Tolerance for financial risk also guides the choice of a Medigap plan. Some plans, like Plan K and Plan L, feature a cost-sharing model where the beneficiary pays a portion of the costs until an annual out-of-pocket limit is reached. These plans are appropriate for individuals comfortable with assuming some financial risk in exchange for lower monthly premiums. For those who prefer predictability and minimal out-of-pocket costs when receiving care, plans with more extensive coverage, even with higher premiums, provide peace of mind.

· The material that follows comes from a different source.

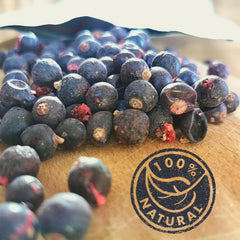 Cassis lyophilisés | Groseilles séchées 100% naturelles | Sans sucre ajouté Bonbons lyophilisés sains | Fruits lyophilisés Fruits lyophilisés Produits déshydratés Naty Shop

Specific coverage needs, such as foreign travel emergency coverage or protection against Medicare Part B excess charges, should be considered. Not all Medigap plans offer these benefits. Individuals who travel internationally frequently might prioritize a plan that includes foreign travel emergency coverage. Those concerned about providers charging more than the Medicare-approved amount (excess charges) would benefit from plans that cover these costs.
Understanding the process of enrolling in a Medigap plan is important once a decision on the type of plan has been made. The timing of enrollment can impact the availability and cost of a Medigap policy. Specific periods and rights protect beneficiaries.
The Medigap Open Enrollment Period is a one-time, six-month window. This period begins the first day of the month in which an individual is 65 or older and enrolled in Medicare Part B. During this timeframe, insurance companies are required to sell any Medigap policy they offer to an eligible person, regardless of their health status. Insurers cannot deny coverage or charge higher premiums based on pre-existing health conditions through medical underwriting. After this period concludes, an insurer may use medical underwriting to assess an applicant’s health, potentially leading to higher premiums or denial of coverage.
Guaranteed Issue Rights provide protections outside of the initial Medigap Open Enrollment Period. These rights ensure that an insurer must sell an individual a Medigap policy under certain circumstances, without medical underwriting. Common scenarios that trigger guaranteed issue rights include losing employer-sponsored group health coverage that supplemented Medicare, changes in a Medicare Advantage plan, or when an individual’s Medigap policy ends through no fault of their own. The conditions and timeframes for exercising these rights are defined by federal law and may have additional state-level protections.
The process of applying for a Medigap policy involves contacting private insurance companies that offer these plans. Compare premiums for the same standardized Medigap plan from multiple insurers, as costs can vary. When applying, individuals should be aware of the policy’s effective date, which begins the first of the month after the application is submitted and approved. Some states may offer additional protections or rules beyond the federal guidelines, so checking state-specific regulations can be beneficial.